El policía miró al recién llegado con repentino interés. Blaikie levantó la bolsa que llevaba consigo y la vació sobre una mesa: trozos de hierro, brújulas, imanes y agujas de brújulas, además de lo que parecían ser largas listas de compuestos químicos.
—Estos objetos estaban en las habitaciones de un alumno del Instituto de Tecnología.
—¿Las habitaciones de quién? —preguntó el sargento Carlton.
Blaikie hizo una pausa.
—Me los trajeron de forma anónima, porque ocupo el cargo de presidente de nuestra Sociedad de Hermanos Cristianos, agente —podría haber dado un nombre, el del insufrible Plymouth Richards o el del impostor de Mansfield, que se creía tan estupendo como para dejarse ver en la ópera, ¡salvaje arrogante! Pero la noche de la debacle de Med Fac se había jurado a sí mismo que encontraría la forma de acabar con todo el Instituto de Tecnología, no solo uno o dos de sus ilusos alumnos. Iba a utilizar la artillería pesada y a disfrutar de las consecuencias.
—El Instituto se propone formar polemistas, no observadores —dijo Agassiz, enfadado—. Llevo mucho tiempo pensando que la ciencia sufrirá lo indecible en manos de sus seguidores.
—Notará que algunas páginas llevan el sello del Instituto, creo.

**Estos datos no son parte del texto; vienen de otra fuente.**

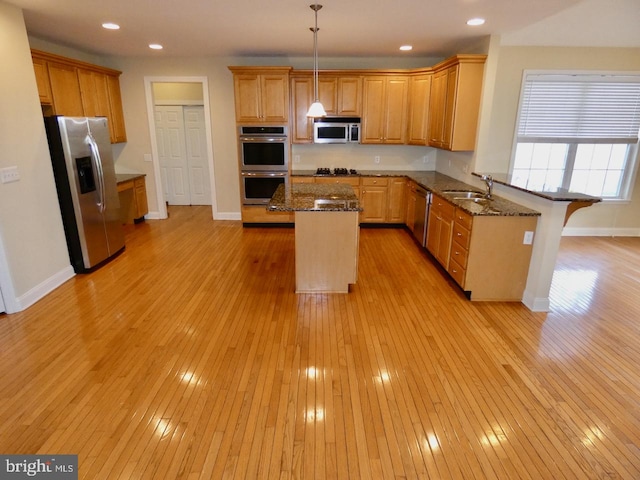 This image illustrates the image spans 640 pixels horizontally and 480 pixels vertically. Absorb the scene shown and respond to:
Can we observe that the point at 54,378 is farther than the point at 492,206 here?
No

Yo soy un universitario, no soy científico, ni policía. Pero me parece que eso quizá demuestre que existe una conexión con los catastróficos sucesos ocurridos en la ciudad, profesor. Esos son los hechos.
—Los hechos —dijo Agassiz— son unas cosas estúpidas, señor ¿Blake?, unas cosas estúpidas hasta que se relacionan con unas leyes generales. No se considere vencedor antes de librar y ganar su batalla.
—Blaikie.
—¿Dice que lleva el sello del Instituto de Tecnología? —Agassiz empezó a examinar los papeles con un incipiente sentimiento de fascinación—. ¿Es posible? ¿Es posible aprovechar los usos más viles de la ciencia con tanta fuerza? Sargento Carlton, debe llamar al jefe de policía al instante. Los detalles aquí contenidos son demasiado precisos, demasiado íntimos para que los sepa cualquiera que no sea… ¡Danner! Tráigame mi lupa y un lápiz. Voy a examinar esto de inmediato. Un lápiz es una de las mejores armas en el arsenal de la investigación científica.
Blaikie hizo todo lo posible para no sonreír.